En tout cas, c’est la vision et le combat de Greg Karras, de l’ONG Communities for a Better Environment qui agit dans la Bay Area. Depuis 30 ans, Greg dénonce, combat et cherche des alternatives à « la mentalité du court-terme » qui régit l’industrie du pétrole.
« Les générations qui ont construit les raffineries de la Bay Area et qui bâtissaient pour la sécurité au long terme sont parties, maintenant des entreprises comme Chevron, Total ou BP mettent des banquiers et des managers à la tête de ces raffineries pour une période de 2 à 5 ans avec pour seul objectif de générer du profit. Donc il leur est impossible d’envisager un changement de modèle qui leur serait bénéfique au long terme, et ils se soucient encore moins des questions de sécurité », m’explique ce scientifique passionné, un béret de travers sur la tête tel un membre d’une guérilla souterraine.

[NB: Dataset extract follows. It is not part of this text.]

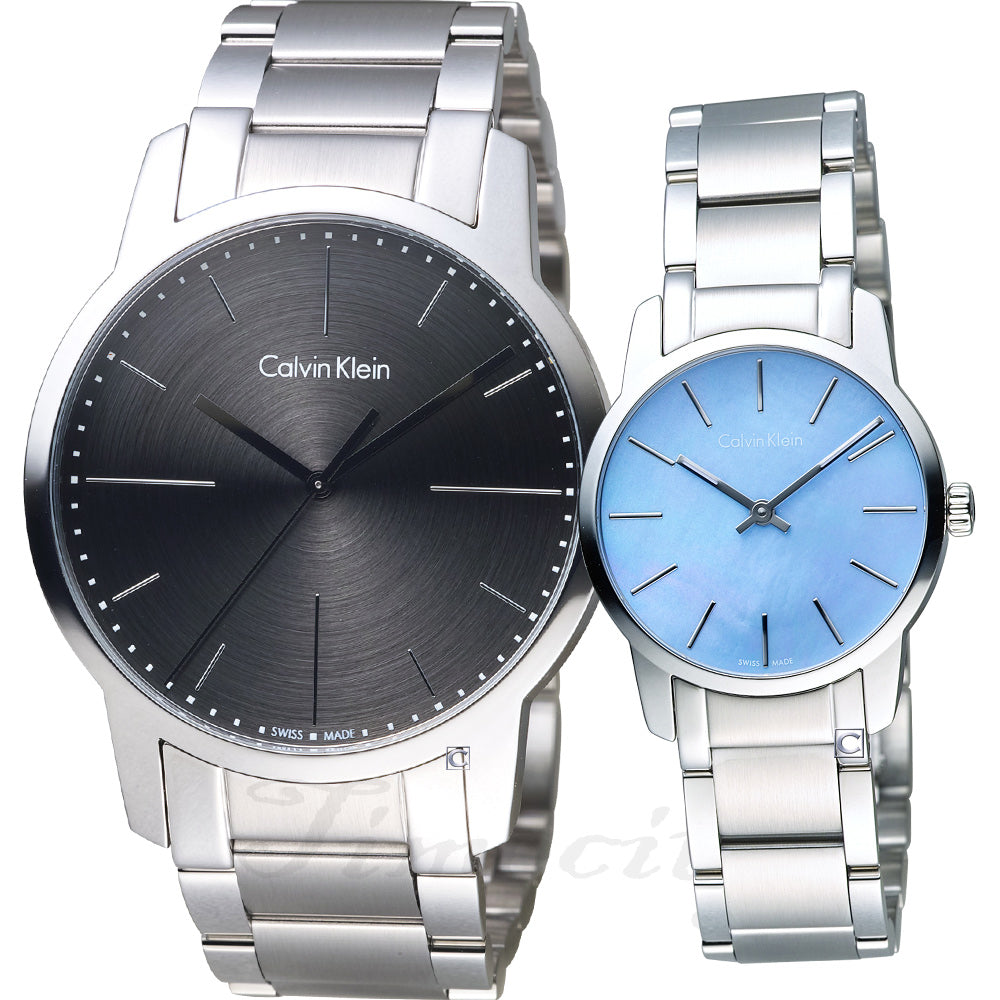  Shop Authentic Calvin Klein City Mother of Pearl Blue Dial Silver Steel Strap Watch for Women - K2G2314X - Luxxuri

‘‘En somme, on met des pansements
au lieu de guérir un cancer.’’
Greg développe le cas de Chevron, qu’il connait bien pour y avoir travaillé et dont il voit les énormes réservoirs blancs depuis sa fenêtre, de l’autre côté de la baie.
2ème raffinerie des États-Unis, « Chevron n’a toujours eu pour objectif que la baisse des dépenses et l’augmentation de profits, avec des managers qui changent de site de production tous les 2 ans », insiste le militant.
Greg et sa femme Sandra me reçoivent dans leur maison, accrochée à la colline (si San Francisco s'effondr-eu...)
Il se souvient du terrible accident qui l’a fait quitter son travail et se retourner contre ses employeurs. Il y a 10 ans, l’entreprise avait décidé de raffiner un produit dit sale car mélangé à du soufre, mais dont on pouvait tout de même tirer du pétrole. Les ingénieurs travaillant sur le projet, dont Greg, tentèrent en vain de dissuader leurs dirigeants en les avertissant des risques de corrosion sur les tuyaux inadaptés de l’usine et, il y a 5 ans, une explosion a envoyé 10 000 personnes, employés et habitants des quartiers pauvres alentour, à l’hôpital pour des problèmes respiratoires.
Greg dénonce encore : « le gouvernement local et la compagnie pétrolière ne voulurent pas alerter les populations et demandèrent à l’hôpital, moyennant finance et autres arrangements à l’amiable avec la direction, de ne pas ébruiter l’affaire ni les causes des maladies respiratoires de leurs patients. Mais un syndicat d’infirmières a décidé de publier un article révélant toute l’histoire. Devine quoi ? L’hôpital a fermé depuis. »
* * *
"Alors tu vois, fiston, ça c'est poubelle noire..."
La Californie, en tête parmi les États les plus polluants des États-Unis, est aussi l’endroit de nombreuses initiatives, à l’image de la ville de San Francisco qui m’a finalement surtout marqué par ses efforts vers le moindre impact environnemental à tous les niveaux. Mais le combat est loin d’être fini entre ce système profitable à peu, court-termiste et non renouvelable, et les activistes d’un système encore inexistant à grande échelle qui profiterait, au long terme, à tous.